Brief :: For the entries below, print exactly the lines between the line holding "Emoji of the" and the line holding "Spazzola Tergicristallo Auto", inclusive, and nothing else.

[[ Working data, beginning ]]

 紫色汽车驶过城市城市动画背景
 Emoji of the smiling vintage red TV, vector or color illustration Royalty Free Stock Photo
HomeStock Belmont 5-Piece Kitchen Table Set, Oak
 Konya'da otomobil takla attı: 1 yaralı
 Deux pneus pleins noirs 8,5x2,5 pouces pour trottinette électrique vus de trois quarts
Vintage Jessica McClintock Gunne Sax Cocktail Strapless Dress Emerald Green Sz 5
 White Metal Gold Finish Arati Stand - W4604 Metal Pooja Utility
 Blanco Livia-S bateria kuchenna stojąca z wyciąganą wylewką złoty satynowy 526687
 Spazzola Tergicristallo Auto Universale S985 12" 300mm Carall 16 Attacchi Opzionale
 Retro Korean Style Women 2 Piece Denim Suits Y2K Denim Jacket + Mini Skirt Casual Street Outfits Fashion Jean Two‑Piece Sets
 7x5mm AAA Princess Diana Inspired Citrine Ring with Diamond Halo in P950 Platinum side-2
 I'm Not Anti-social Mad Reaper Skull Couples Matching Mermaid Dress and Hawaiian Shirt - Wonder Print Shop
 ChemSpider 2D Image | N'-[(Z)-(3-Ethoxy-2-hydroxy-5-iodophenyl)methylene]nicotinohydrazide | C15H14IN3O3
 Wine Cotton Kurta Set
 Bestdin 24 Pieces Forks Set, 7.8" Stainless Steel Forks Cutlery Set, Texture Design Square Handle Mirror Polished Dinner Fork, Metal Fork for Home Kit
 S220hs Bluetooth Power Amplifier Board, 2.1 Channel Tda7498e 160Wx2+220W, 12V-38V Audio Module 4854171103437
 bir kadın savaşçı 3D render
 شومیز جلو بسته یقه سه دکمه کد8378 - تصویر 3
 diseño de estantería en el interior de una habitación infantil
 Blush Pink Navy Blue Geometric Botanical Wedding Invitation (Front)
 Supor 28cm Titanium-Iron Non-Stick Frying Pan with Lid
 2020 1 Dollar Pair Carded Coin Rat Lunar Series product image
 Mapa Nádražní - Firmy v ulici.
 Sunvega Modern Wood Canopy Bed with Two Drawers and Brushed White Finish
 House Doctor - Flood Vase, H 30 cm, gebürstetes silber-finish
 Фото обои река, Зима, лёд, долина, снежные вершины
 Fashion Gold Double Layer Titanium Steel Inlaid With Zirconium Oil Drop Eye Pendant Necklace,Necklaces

[[ Working data, end ]]

Solution below ::
 Emoji of the smiling vintage red TV, vector or color illustration Royalty Free Stock Photo
HomeStock Belmont 5-Piece Kitchen Table Set, Oak
 Konya'da otomobil takla attı: 1 yaralı
 Deux pneus pleins noirs 8,5x2,5 pouces pour trottinette électrique vus de trois quarts
Vintage Jessica McClintock Gunne Sax Cocktail Strapless Dress Emerald Green Sz 5
 White Metal Gold Finish Arati Stand - W4604 Metal Pooja Utility
 Blanco Livia-S bateria kuchenna stojąca z wyciąganą wylewką złoty satynowy 526687
 Spazzola Tergicristallo Auto Universale S985 12" 300mm Carall 16 Attacchi Opzionale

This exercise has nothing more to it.